Writing effective agent skills requires deep knowledge of prompt engineering. With the release of advanced reasoning models like Claude 3.5 Sonnet, ChatGPT o1, and DeepSeek-V3, prompt templates must focus on structured thinking. Developers are encouraged to use XML tags (e.g., <thought>, <context>, and <rules>) to isolate execution boundaries. Standardized prompts prevent agents from suffering from context drift, ensuring that long-running tasks remain aligned with the initial system parameters.

Exploring by SOC Occupations and Creator Profiles

What makes SkillMD unique is its taxonomy. Instead of simple text search, we parse and organize files according to the Standard Occupational Classification (SOC) system. This means you can discover skills written for Computer and Mathematical roles, Business and Financial operations, Legal, Design, and and Educational Instruction fields. By tracking creator profiles, developers can study how different teams organize their custom instructions, compare version updates, and fork public configs for specialized enterprise use cases.
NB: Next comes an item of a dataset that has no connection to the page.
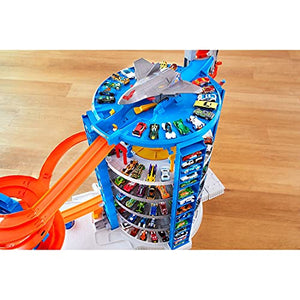 Hot Wheels Track Set with 4 1:64 Scale Toy Cars, Over 3-Feet Tall Garage with Motorized Gorilla, Storage for 140 Cars, Super Ultimate Garage 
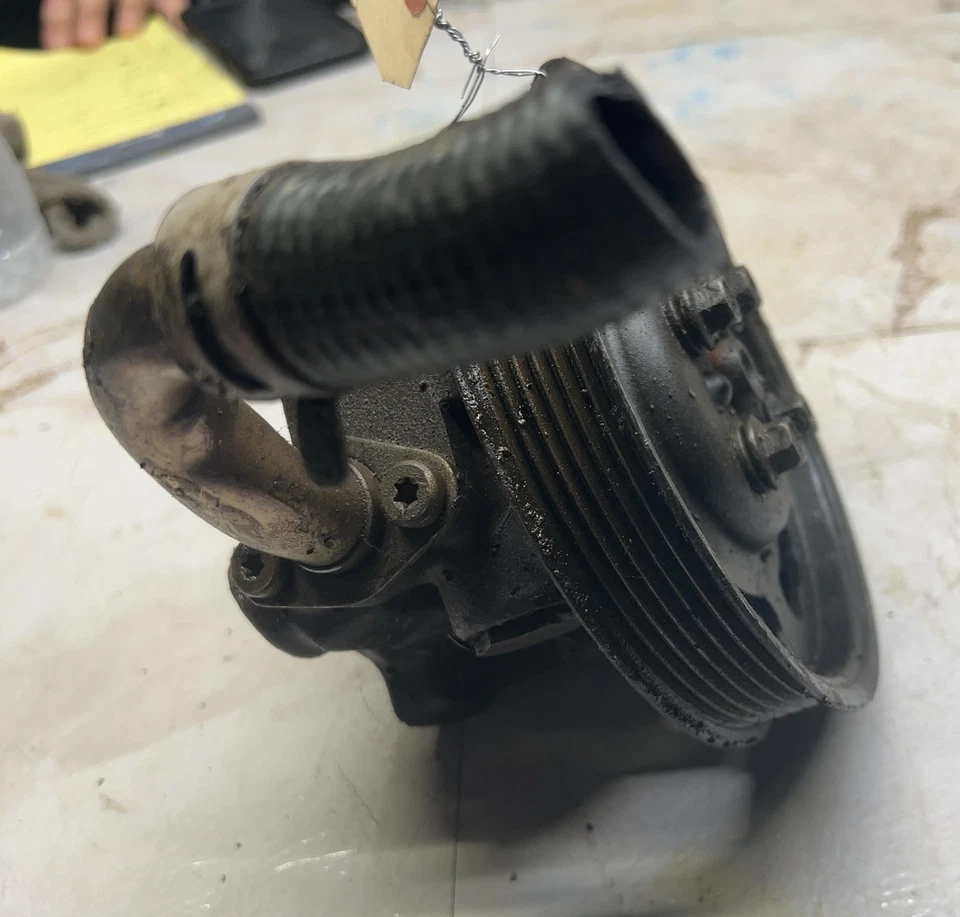 Conjunto motor/polea bomba dirección asistida 95-00 CONTOUR MYSTIC 99-02 COUGAR 6 cilindros Foto 4 de 4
SkillMD operates as a high-performance index running on a fast Go backend and a highly responsive Astro SSR frontend. All search queries execute in milliseconds, featuring smart debouncing to prevent multiple API requests while keeping user data secure. Join our community of developers to standardize your AI agent instructions and optimize your LLM prompting workflows today.

8 QUESTIONS

Frequently Asked Questions

A practical guide to agent skills: what they are, how to inspect them, and how SkillMD helps you explore the ecosystem.